Österreich ist unter den fünf EU-Schlusslichtern bei den Treibhausgas-Emittenten. 2019 werden vermutlich wieder über 80 Millionen Tonnen an Treibhausgasen in die Luft geblasen. Die aktuelle Vorlage des nationalen Klimaplans (NKEP) aus dem Kabinett von Übergangskanzlerin Birgit Bierlein sollte Österreich eigentlich zurück auf die "Klimaspur" bringen und eine CO2-Reduktion gegenüber 2005 um 36 Prozent bis 2030 ermöglichen. Das wird sich laut Wissenschaft- und Umweltschutz-NGOs bei weitem nicht ausgehen.
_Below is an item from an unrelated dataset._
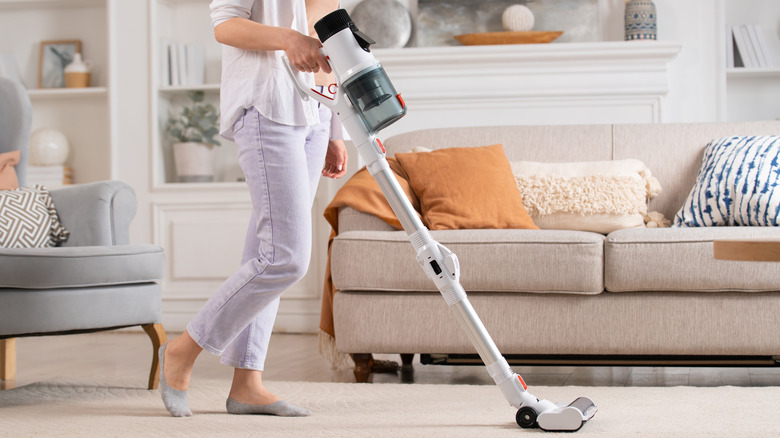 woman using a cordless vacuum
Sie sprechen von einer "Klimaschutzlähmung". Österreich drohen bis zu 8,7 Milliarden Euro Strafzahlungen bei Nichterreichen der Ziele.
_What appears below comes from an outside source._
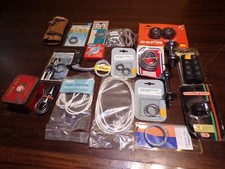 Lot objets vélos vintage ( cables , cages à billes , ruban , vis ... )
"Eine rote Linie der politischen Verantwortung ist überschritten worden," sagte der Klimaexperte Gottfried Kirchengast von der Uni Graz. "Der aktuelle Klimaplan ist so schwach ausgelegt, dass er nicht mal in die Nähe kommt, um die selbstgesetzten Klimaziele zu erreichen."  Selbst wenn die nächste Regierung alle Optionen und die Hetereogenität darin ausnütze, reiche er nicht aus. Der Plan "krankt" am Fehlen von Rahmenzielsetzungen. "Von zwölf notwendigen Brettern für diese Brücke sehe ich nur ein bis zwei Bretter, d.h. die neue Regierung müsste die gesamte Brücke noch selbst zimmern", sagte Kirchengast gegenüber der Kleinen Zeitung. Das jetzige Gerüst kann nur der Anfang eines erfolgsfähigen Plan sein. Die neue Regierung müsse ihn "komplett neu aufsetzen".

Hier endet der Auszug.